Buatku, yang lebih sering berpikir secara logis daripada emosi, kalimat Tanya pertama yang muncul di benakku stl membaca tulisannya adalah: “Definisi mengerti apa yang ada di benak dia?”
Apakah konsep “mengerti” buat dia itu sama seperti konsep kata “mengerti” yang standard dipahami oleh orang orang lain, ataukah ada konsep “mengerti” lain lagi yang ada di dalam pikirannya.
Dalam kamus besar bahasa Indonesia, tertulis sebagai berikut:
Mengerti: (v) (telah dapat) menangkap (memahami, tahu) apa yang dimaksud oleh sesuatu; paham
Mengertikan: (v) menjadikan (membnuat) mengerti
Pengertian: (n) 1. Gambaran atau pengetahuan tentang sesuatu di dalam pikiran; pemahaman
(psi) kesanggupan inteligensi untuk mengankap makna suatu situasi atau perbuatan.
Itulah arti kata mengerti yang ada di kamus besar bahasa kita, dan juga (menurutku) yang dipahami oleh sebagian besar orang Indonesia.
Jadi, kalau arti kata “mengerti” yang dia maksud adalah sama dengan yang ada di dalam kamus, berarti tidak ada yang salah dengan diriku. Karena aku sepenuhnya sangat sangat mengerti akan masalah yang dia hadapi. Sangat sangat paham akan perasaan dan kondisi dia.
Kalaupun kemudian aku tidak setuju dengan pendapat dan pemikiran dia, bukan berarti aku “tidak mengerti” toh?
Namun, kalau kata “mengerti” yang dia maksud adalah, mengerti, memahami, menyetujui dan mungkin bahkan mengikuti saja apa yang dia pikirkan dan rasakan. WOW, itu salah besar.
Mengerti, belum tentu harus setuju. Okay?
Kalau aku pikir, apa yang dia lakukan tidak bersifat positif (buat aku tentu saja) dan mungkin juga buat orang lain, mengapa juga aku harus setuju dan mengikuti apa pendapatnya?
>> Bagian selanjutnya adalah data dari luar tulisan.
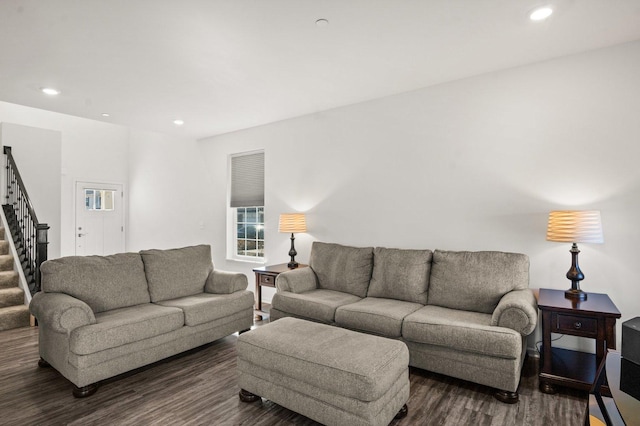living area with stairway, recessed lighting, and dark wood-style flooring
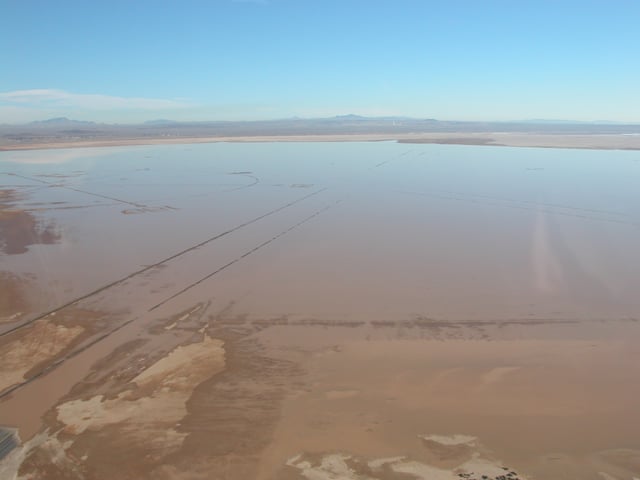 The Rogers Lake is not always dry. During the brief rainy season in the Mojave Desert, water fills the lake bed. The compass rose can be seen on the left.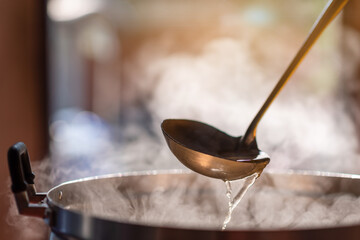 Wall Mural - The chef in the restaurant is cooking while using the dipper in a large pot. The water is boiling and the mass of steam reflected in the morning light.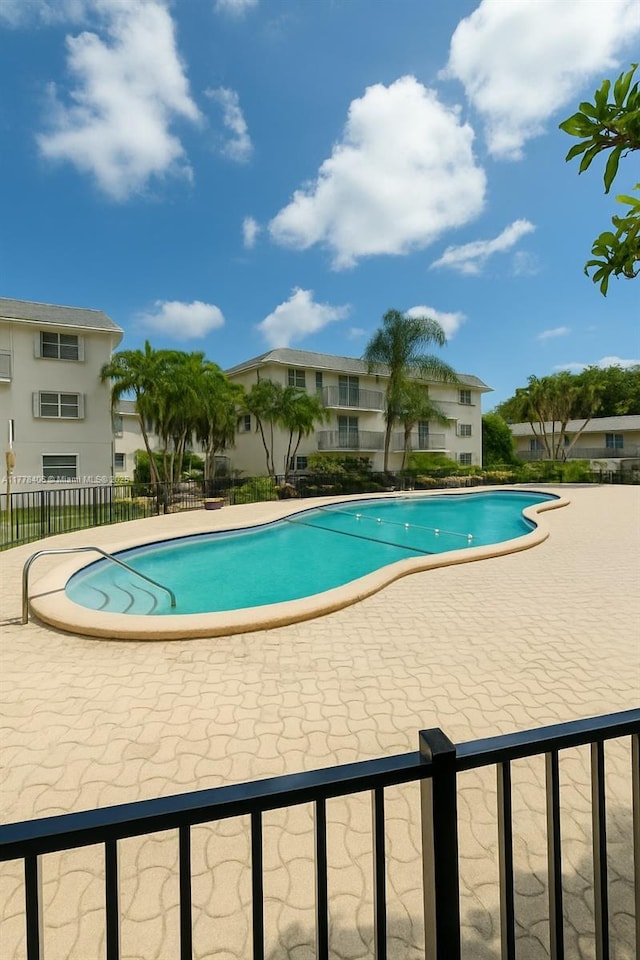 community pool featuring a patio and fence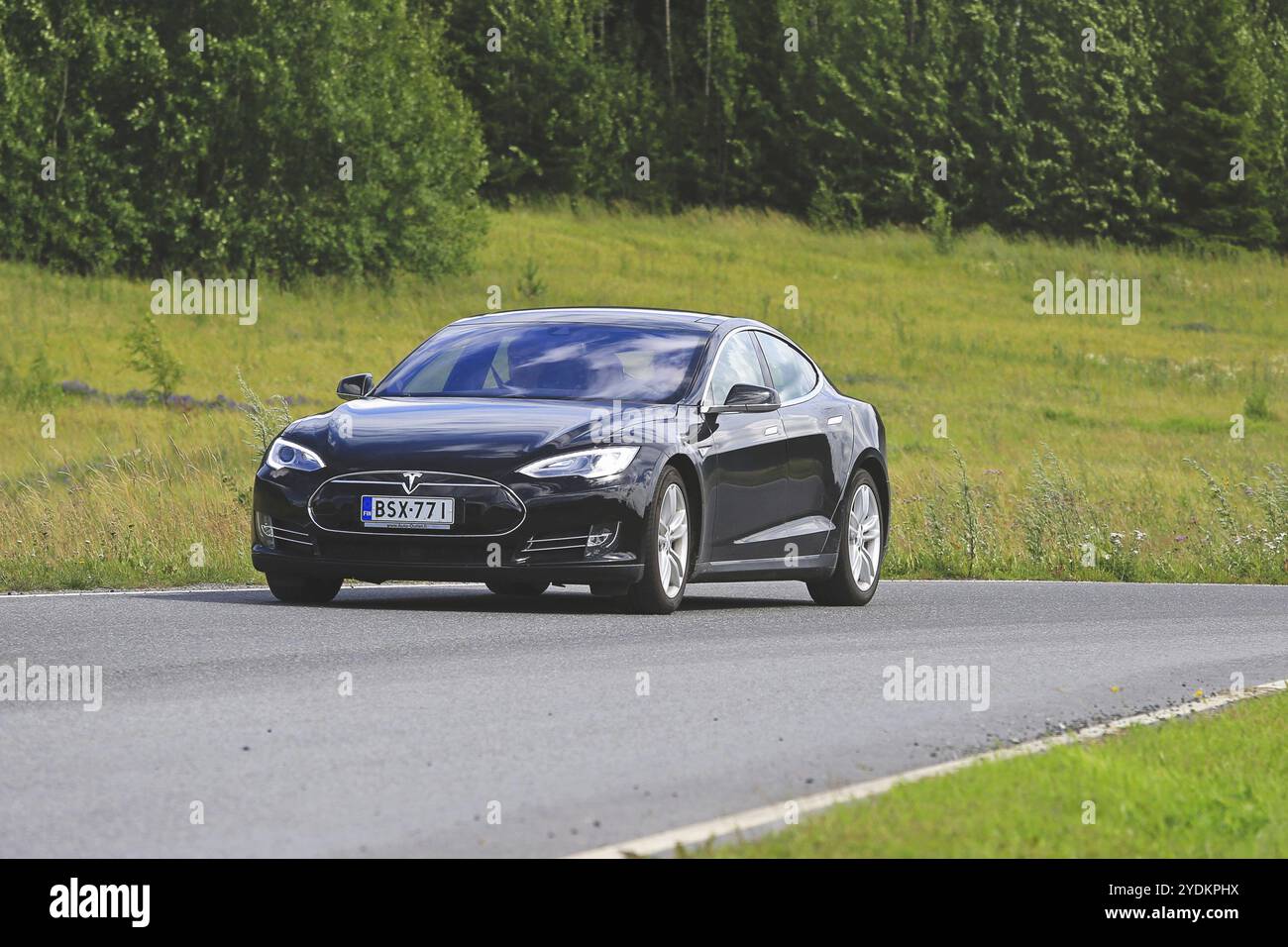 PAIMIO, FINLANDE, 17 JUILLET 2016 : le véhicule électrique Tesla Model S noir se déplace sur la route rurale à travers la nature finlandaise verte en été Banque D'Images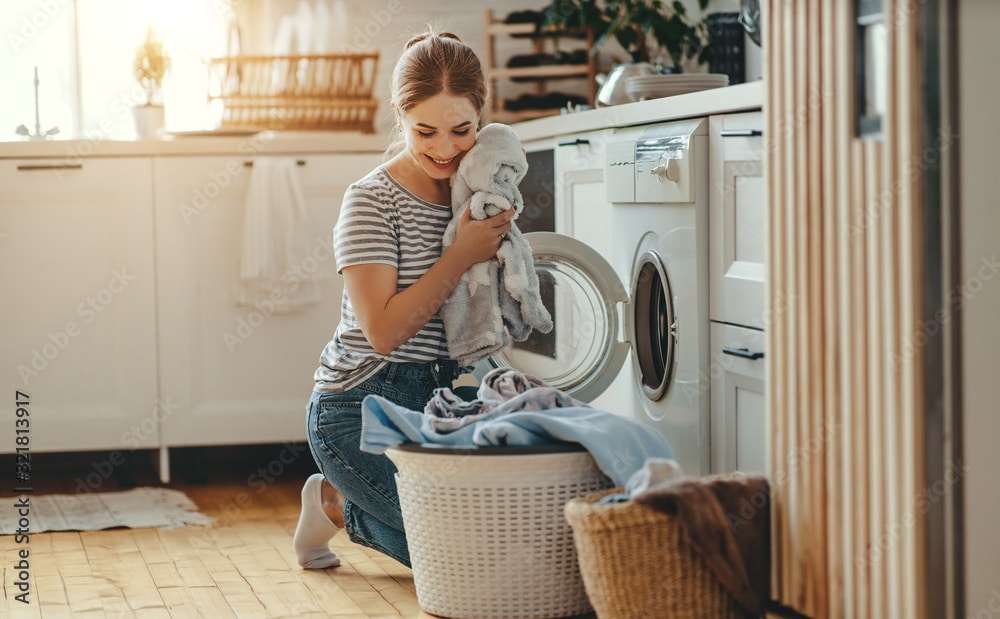 Happy housewife woman in laundry room with washing machine  .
Itu berarti, aku bukan seorang teman (atau kalau masih boleh menyebut diri sahabat) yang baik. Tidak akan mungkin aku memberikan solusi yang berakhir dengan poin negative dipihak nya.
Apakah seorang sahabat yang baik, harus selalu mengikuti apa pendapat sahabatnya yang negative. Tidak kan?
Kalaupun pada akhirnya aku dicap tidak mendukung dan membantu dirinya dalam menyelesaikan masalahnya karena menurutku memang masalahnya blunded… apa mau dikata.
Toh aku sudah berusaha membantu.
Salah seorang sahabatku yang lain dengan tenang memberikan advice nya, “Yang penting, sebagai sahabat kamu sudah memberikan sebanyak mungkin masukan dan saran, kamu sudah menemaninya dimasa masa sulit, itu yang penting. Kalau semua yang kamu lakukan tidak sesuai dengan jalan pikirannya. Ya terimalah. Santai aja lah. Ndak usah terlalu dipikirkan. The point is kamu sudah berusaha menjadi teman yang baik, kalaupun dianggap tidak baik, pastilah ada alasannya”
Aku pikir, bener juga katanya. Mengapa juga aku harus bersedih hanya karena dianggap tidak mengerti?
Bersimpati kan tidak hanya memakai perasaan. Bersimpati dengan memakai logika akan lebih membangun sifatnya, atau bahasa kerennya empati.
Lagian, masih ada banyak masalah yang akan menghadang didepan jalan hidupku. Fokus. Fokus. That would be better.
Jadi mungkin temanku itu harus menulis ulang imelnya dengan kalimat sebagai berikut:
“Aku menyesal mengapa sahabatku tidak mau mengikuti dan mendukung atas apa yang aku lakukan.”
Nah itu baru benar, dan aku akan manggut manggut langsung setuju dengan tulisannya, dan tidak akan sampai membuka Kamus Besar Bahasa Indonesia ku yang tebelnya ampuuun!